SOLVED

Reliably trigger alerts for Log Analytics log entries

Copper Contributor

MSDN documentation at https://docs.microsoft.com/en-us/azure/azure-monitor/platform/alert-log-troubleshoot states: "To mitigate data ingestion delay, the system waits and retries the alert query multiple times if it finds the needed data is not yet ingested".

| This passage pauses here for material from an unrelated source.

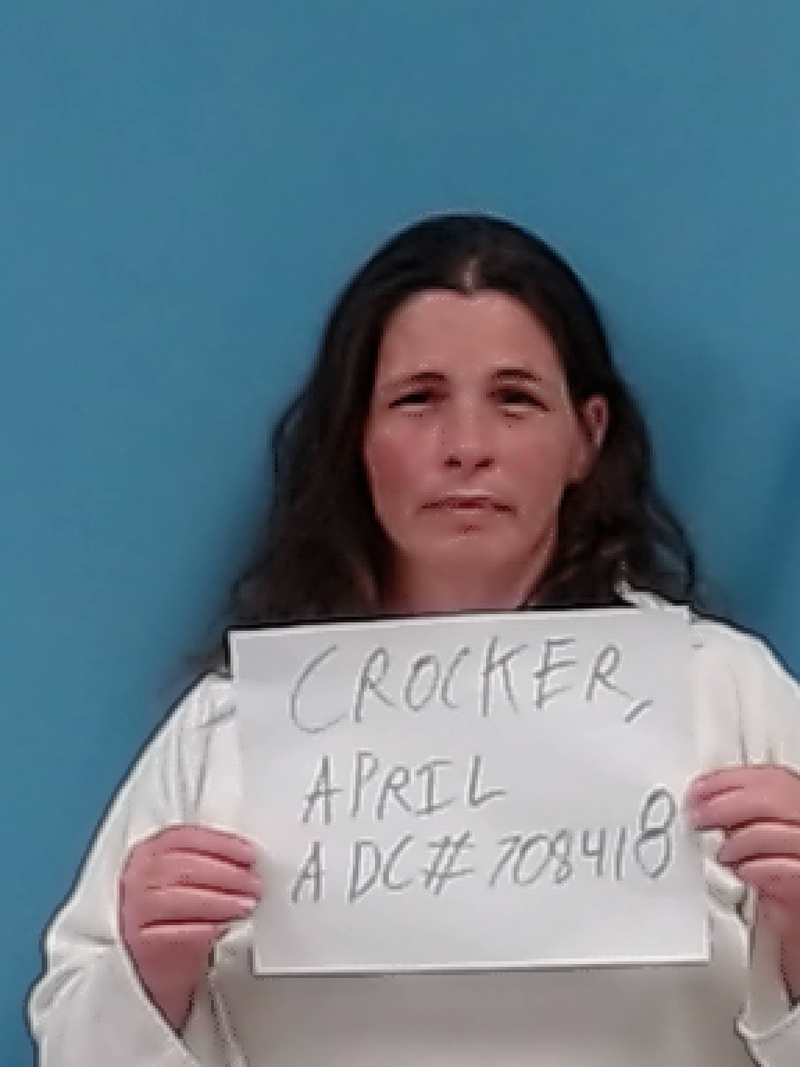 Mugshot of April Crocker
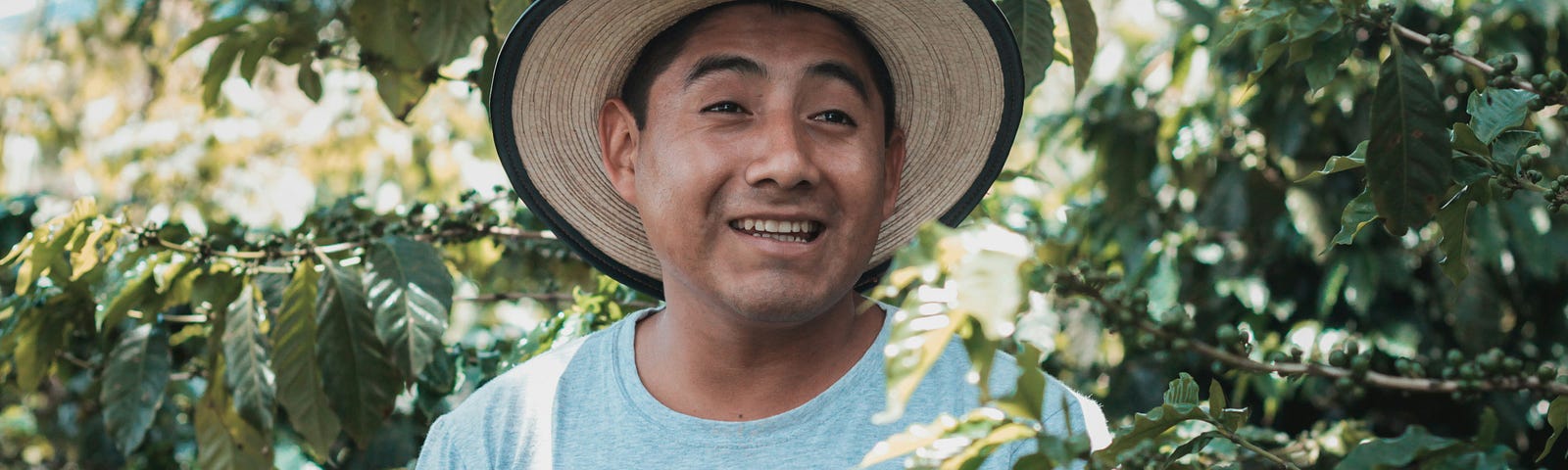 Smiling man amidst the trees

We have an issue with triggering alerts and the issue suggests that described behavior is not very reliable as a lot of our alerts aren't fired. To be more precise - we ingress logs from Data Factory V2 into Log Analytics and watch for log entries with Level == "Error", based on number of results greater that 0 (Period = Frequency = 30 minutes). We expect that in case a log entry with Level == "Error" is generated by Data Factory and ingested into Log Analytics we shall receive an alert, but very often we don't. We tried to change Period to larger values (30 minutes) leaving Frequency at 15 but in this case there is a big chance to receive duplicated alerts which also is not good. Are there any recommended and reliable Period/Frequency/Query configuration strategy that guarantees no alerts are missing and also does not produce duplicated alerts?

10 Replies

Hi,

My testing shows that when there is delay of data ingestion the alert is still fired up. Of course the alert is inheriting that delay but I haven't found missing alerts so far. May be you can share more about the experience you have: what kind of data source you use? when you have missing alerts have you compared ingested time with Time Generated for those events? What is your exact query?

The exact query is:

search *
| where ResourceProvider == "MICROSOFT.DATAFACTORY" and (Level == "Error" or status_s == "Failed")
| order by TimeGenerated

 

Query is running over Log Analytics to which Data Factory V2 writes them (with several minutes delay, but it is hard to tell the exact numbers).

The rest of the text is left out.